Ende März verkündeten Bürgermeister Matteo Lepore und der für die Digitale Agenda zuständige Massimo Bugani einen Plan für Digitale Innovation 2022-2024. Teil des Plans ist die Nutzung künstlicher Intelligenz zur Verkehrsmessung und -lenkung, unter anderem indem die Bürger über den Verkehrsfluss informiert werden.
Man kann hier gewisse Gefahren in Richtung Erstellung von Bewegungsprofilen erahnen, wenn man der Stadtregierung einen Hang zur Überwachung, Kontrolle und Manipulation ihrer Bürger unterstellen will.

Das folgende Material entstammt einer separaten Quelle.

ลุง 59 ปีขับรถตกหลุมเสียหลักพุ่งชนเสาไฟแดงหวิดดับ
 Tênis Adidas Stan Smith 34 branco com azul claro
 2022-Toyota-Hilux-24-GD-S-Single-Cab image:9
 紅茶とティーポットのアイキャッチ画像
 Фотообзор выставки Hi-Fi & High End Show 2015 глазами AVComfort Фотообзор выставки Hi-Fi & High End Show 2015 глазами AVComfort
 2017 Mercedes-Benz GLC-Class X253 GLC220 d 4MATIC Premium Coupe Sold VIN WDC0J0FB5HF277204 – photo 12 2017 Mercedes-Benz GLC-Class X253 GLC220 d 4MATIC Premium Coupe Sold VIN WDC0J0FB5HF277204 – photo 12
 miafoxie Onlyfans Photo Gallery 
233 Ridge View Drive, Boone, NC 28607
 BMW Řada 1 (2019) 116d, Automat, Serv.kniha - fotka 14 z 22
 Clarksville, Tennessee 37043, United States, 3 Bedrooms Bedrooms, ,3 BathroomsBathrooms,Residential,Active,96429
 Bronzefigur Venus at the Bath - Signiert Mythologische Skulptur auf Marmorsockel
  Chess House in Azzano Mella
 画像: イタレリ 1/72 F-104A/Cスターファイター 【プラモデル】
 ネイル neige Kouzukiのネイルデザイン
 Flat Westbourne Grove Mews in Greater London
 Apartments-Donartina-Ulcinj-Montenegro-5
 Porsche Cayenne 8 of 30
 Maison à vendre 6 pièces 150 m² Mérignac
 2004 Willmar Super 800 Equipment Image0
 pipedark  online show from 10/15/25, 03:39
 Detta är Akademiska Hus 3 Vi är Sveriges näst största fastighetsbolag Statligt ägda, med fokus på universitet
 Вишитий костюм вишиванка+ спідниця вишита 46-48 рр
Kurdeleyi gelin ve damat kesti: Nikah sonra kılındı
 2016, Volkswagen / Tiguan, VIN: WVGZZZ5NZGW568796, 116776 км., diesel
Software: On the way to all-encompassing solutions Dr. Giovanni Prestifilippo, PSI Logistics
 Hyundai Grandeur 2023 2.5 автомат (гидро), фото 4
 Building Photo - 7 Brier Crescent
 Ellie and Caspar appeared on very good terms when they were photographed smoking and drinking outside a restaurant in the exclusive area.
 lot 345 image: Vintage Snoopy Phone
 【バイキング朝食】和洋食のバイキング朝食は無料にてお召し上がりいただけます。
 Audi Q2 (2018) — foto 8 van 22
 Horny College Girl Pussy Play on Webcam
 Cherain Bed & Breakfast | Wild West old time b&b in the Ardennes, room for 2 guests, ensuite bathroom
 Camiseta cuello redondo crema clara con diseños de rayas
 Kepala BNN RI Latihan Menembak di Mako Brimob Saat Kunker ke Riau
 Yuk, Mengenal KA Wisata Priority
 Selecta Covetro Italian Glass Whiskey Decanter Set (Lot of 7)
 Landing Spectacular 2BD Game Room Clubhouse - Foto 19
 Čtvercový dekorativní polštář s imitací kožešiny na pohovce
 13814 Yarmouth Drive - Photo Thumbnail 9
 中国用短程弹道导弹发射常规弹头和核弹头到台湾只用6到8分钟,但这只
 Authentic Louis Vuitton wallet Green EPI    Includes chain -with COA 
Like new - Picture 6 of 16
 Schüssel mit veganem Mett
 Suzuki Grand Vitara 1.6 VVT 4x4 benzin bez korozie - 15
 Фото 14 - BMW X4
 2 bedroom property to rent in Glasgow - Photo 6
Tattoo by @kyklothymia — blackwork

Dafür gaben Lepore und Bugani auf der gleichen Pressekonferenz allen Anlass. Denn sie kündigten außerdem für September ein Pilotprojekt an, bei dem Bürger Punkte sammeln können, wenn sie sich im Sinne der Stadtverwaltung vorbildlich verhalten. Bugani beschrieb das geplante „Smart Citizen Wallet“ (engl. Name im ital. Original) so:
„Im Zentrum steht der tugendhafte Bürger, der zum Beispiel Müll gut trennt, keine Energie vergeudet, öffentliche Verkehrsmittel benutzt, keine Bußgelder bekommt oder sich für die Bologna Welcome Card engagiert. Zu diesen Menschen sagt die Stadt ‚wir geben Ihnen Punkte‘ als Teil einen Belohnungssystems mit individuell nutzbaren Prämien.“
Mich gruselt, wenn ein Beamter derart schambefreit sein partriarchalisches Menschenbild zur Schau stellt und dafür offenbar nicht einmal heftigen Gegenwind bekommt.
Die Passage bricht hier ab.